Every now and then a picture pops up online that sends your mind wandering down the oddest memory lane. I came across this picture earlier—just a very handsome, very naked man lining up a pool shot—and for whatever reason, it sent my mind spinning backward about twenty years to the first time someone ever taught me how to play pool.

Back in grad school, I had one of those unexpected friendships that just sort of ignite out of nowhere. He was a very straight, very frat-bro guy from Illinois. We met at the annual graduate welcome party at a professor’s lake house—the kind of event that involved a keg, mismatched lawn chairs, and a lot of awkward introductions. Somehow he and I started talking, and before I knew it, we were back at his apartment drinking on his balcony until dawn.

Too bad he was so straight—genuinely, hopelessly straight—because we could have had a great deal of fun together. And yes, I’m speaking from evidence. He was the kind of guy who talked a big game about his 9.5” dick and then casually proved it, not out of flirtation, but because frat boys operate on a completely different plane of shameless bravado.
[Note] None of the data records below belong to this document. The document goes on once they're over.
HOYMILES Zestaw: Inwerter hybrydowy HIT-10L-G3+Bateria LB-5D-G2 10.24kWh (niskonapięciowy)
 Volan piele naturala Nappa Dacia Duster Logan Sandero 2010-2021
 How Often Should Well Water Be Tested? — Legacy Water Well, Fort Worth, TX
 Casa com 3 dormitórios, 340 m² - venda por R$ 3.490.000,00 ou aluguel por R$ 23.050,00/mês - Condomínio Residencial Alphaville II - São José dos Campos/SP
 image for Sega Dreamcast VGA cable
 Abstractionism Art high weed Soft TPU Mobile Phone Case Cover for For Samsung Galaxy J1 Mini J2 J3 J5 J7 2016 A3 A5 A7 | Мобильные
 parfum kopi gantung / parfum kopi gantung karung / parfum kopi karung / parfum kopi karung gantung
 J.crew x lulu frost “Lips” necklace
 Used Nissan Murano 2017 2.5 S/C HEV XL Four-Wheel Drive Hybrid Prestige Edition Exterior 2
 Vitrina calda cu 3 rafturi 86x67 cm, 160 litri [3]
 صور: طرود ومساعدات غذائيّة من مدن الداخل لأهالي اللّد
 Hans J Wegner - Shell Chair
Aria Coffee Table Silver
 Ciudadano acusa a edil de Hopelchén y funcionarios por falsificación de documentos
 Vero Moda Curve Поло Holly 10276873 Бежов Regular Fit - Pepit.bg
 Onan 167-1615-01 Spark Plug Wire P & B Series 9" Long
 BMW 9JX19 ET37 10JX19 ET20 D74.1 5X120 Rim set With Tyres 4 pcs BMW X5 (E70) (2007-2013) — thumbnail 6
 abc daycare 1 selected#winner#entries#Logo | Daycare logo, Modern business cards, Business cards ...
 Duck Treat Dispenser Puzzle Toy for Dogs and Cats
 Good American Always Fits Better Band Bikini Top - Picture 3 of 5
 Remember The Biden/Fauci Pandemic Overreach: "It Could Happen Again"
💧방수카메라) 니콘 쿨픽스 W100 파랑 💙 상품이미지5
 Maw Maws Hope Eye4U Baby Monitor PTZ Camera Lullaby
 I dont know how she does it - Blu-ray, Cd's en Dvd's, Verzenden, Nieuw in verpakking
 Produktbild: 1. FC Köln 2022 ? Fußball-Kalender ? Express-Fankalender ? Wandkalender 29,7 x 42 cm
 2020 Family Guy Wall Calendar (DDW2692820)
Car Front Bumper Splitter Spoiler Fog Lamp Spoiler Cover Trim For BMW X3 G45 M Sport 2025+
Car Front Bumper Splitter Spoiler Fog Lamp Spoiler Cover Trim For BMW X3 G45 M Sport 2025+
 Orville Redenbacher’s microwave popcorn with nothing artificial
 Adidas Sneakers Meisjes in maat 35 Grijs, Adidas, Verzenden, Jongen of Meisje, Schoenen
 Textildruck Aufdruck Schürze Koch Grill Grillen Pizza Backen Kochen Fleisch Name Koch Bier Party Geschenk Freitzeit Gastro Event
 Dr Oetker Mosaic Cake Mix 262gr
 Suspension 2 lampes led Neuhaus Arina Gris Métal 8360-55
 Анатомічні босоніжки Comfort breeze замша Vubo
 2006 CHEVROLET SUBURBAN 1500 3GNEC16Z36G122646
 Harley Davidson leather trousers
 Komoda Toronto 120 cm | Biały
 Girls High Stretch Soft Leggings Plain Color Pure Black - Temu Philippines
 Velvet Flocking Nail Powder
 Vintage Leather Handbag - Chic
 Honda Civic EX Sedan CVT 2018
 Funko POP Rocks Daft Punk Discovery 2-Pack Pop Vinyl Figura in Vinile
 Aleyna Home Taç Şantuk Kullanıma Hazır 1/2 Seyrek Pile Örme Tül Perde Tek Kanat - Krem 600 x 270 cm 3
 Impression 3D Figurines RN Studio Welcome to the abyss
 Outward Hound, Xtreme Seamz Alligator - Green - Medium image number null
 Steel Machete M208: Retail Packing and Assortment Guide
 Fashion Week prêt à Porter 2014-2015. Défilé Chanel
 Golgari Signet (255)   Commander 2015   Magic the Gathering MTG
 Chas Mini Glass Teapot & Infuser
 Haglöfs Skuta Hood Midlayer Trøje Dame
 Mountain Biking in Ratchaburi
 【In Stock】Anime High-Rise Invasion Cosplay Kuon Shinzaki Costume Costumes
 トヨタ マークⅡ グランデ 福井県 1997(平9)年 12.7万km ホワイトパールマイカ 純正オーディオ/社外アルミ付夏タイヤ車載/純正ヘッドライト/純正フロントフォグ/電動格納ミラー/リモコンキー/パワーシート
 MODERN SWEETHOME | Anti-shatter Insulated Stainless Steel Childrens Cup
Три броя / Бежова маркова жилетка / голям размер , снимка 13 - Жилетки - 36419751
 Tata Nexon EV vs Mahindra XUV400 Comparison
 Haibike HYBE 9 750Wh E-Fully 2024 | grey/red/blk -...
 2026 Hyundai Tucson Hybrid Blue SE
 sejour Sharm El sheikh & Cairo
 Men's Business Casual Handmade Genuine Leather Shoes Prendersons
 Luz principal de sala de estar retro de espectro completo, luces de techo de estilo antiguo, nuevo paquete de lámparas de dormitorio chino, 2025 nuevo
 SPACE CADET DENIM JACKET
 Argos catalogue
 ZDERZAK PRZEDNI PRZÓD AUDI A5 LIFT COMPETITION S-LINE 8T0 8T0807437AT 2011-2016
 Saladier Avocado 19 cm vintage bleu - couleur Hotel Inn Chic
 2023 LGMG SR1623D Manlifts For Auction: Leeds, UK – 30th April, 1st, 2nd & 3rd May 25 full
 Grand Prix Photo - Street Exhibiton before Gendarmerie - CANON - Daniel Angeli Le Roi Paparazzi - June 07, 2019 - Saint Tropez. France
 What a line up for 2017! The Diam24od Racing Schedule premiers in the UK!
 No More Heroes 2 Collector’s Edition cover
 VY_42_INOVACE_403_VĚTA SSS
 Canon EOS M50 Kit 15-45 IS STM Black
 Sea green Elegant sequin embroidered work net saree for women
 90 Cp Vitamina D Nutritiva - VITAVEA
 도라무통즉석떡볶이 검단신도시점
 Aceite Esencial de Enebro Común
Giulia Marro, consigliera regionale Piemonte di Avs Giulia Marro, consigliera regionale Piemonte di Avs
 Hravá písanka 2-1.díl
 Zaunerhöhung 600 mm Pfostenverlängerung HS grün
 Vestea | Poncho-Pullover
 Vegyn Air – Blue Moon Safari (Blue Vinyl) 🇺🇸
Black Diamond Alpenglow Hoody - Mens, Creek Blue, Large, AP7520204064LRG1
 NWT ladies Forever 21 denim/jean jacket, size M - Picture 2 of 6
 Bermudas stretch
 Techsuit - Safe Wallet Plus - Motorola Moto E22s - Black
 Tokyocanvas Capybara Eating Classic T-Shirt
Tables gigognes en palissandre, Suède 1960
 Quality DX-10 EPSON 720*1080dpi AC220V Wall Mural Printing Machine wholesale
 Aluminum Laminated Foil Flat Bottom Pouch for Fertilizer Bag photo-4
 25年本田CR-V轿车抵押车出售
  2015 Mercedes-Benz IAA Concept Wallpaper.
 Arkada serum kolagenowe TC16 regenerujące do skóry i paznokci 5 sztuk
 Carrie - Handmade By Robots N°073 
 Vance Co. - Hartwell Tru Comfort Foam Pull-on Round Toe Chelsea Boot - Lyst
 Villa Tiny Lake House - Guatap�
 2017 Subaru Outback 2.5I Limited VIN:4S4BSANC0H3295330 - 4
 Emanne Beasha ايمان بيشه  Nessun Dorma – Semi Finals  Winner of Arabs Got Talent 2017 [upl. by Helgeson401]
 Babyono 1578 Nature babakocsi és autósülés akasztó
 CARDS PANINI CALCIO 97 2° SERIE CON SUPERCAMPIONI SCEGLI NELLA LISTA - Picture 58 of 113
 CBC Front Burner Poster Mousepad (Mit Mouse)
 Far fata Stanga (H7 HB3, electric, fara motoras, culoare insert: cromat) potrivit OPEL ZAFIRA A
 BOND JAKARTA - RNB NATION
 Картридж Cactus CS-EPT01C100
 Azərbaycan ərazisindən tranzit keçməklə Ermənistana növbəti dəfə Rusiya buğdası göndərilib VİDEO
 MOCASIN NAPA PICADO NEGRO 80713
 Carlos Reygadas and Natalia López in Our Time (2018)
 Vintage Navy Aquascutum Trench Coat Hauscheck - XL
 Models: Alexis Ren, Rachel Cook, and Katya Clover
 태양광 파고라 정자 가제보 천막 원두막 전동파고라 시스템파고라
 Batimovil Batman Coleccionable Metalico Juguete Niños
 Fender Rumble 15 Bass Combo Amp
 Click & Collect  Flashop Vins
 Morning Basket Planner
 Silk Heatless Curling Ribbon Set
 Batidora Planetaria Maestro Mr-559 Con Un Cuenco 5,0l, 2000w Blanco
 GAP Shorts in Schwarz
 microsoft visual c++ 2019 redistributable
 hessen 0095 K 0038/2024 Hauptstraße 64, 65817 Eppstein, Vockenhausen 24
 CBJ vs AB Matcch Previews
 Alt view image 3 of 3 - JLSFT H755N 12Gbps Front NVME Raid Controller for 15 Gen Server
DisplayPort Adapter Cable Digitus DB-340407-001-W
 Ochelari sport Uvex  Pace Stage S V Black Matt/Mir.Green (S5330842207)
It was, I must admit, an impressive sight.

We became inseparable. Friday nights were for bar-hopping, poker with other grad students, or just whatever chaos the week produced. He technically had a girlfriend back in Illinois, but that didn’t stop him from sleeping with half the women he came across. She found it hilarious that her straight-as-an-arrow frat bro boyfriend’s best friend in Mississippi was gay. She always said he’d come home to her in the end, and she was right. They eventually got married, and to my knowledge, he never strayed again once they were living in the same city. But those Mississippi years? He was a horny little bastard. Weren’t we all when we were in our twenties.

One night in 2005—my birthday, I think—we ended up at a bar we almost never went to, one of those places with an almost perfect half-and-half mix of straights and gays. I can’t remember the name, but I could still drive you to it.

That night, he decided he was going to teach me to play pool.

Now, I was terrible at pool. Abysmal. So he stepped behind me, pressed his body against mine, and guided me into the proper position—very much like the pose in the picture above, though in our version everyone kept their clothes on. For him, there was absolutely nothing sexual about it. For me…well, it was one of the more pleasant lessons I’ve ever received. And honestly, I did get better at pool after that night.

Somewhere in the mix, we ended up playing pool with two girls who I’m pretty sure were on the university’s softball team — definitely not the stereotypical “lesbian softball players” people love to joke about. One of them came back to his apartment with us and was very clearly hoping for a threesome. To my eternal regret, I figured it out a little too late, mostly because I had drunk way too much. I got sick, passed out on the couch, and fell asleep to the soundtrack of the two of them having sex. I woke up to round two the next morning before she cheerfully said goodbye to me on her way out.

Those were my “wilder days,” though in truth I was never that wild. I was still a very serious student. It was simply the first time in my life I’d had real freedom—living three hours from my family, coming out, navigating grad school, rebuilding life after Hurricane Katrina destroyed the house I’d been living in, and having to move into the dorms for a semester because my town was overrun by Katrina refugees and housing was at a premium and in short supply.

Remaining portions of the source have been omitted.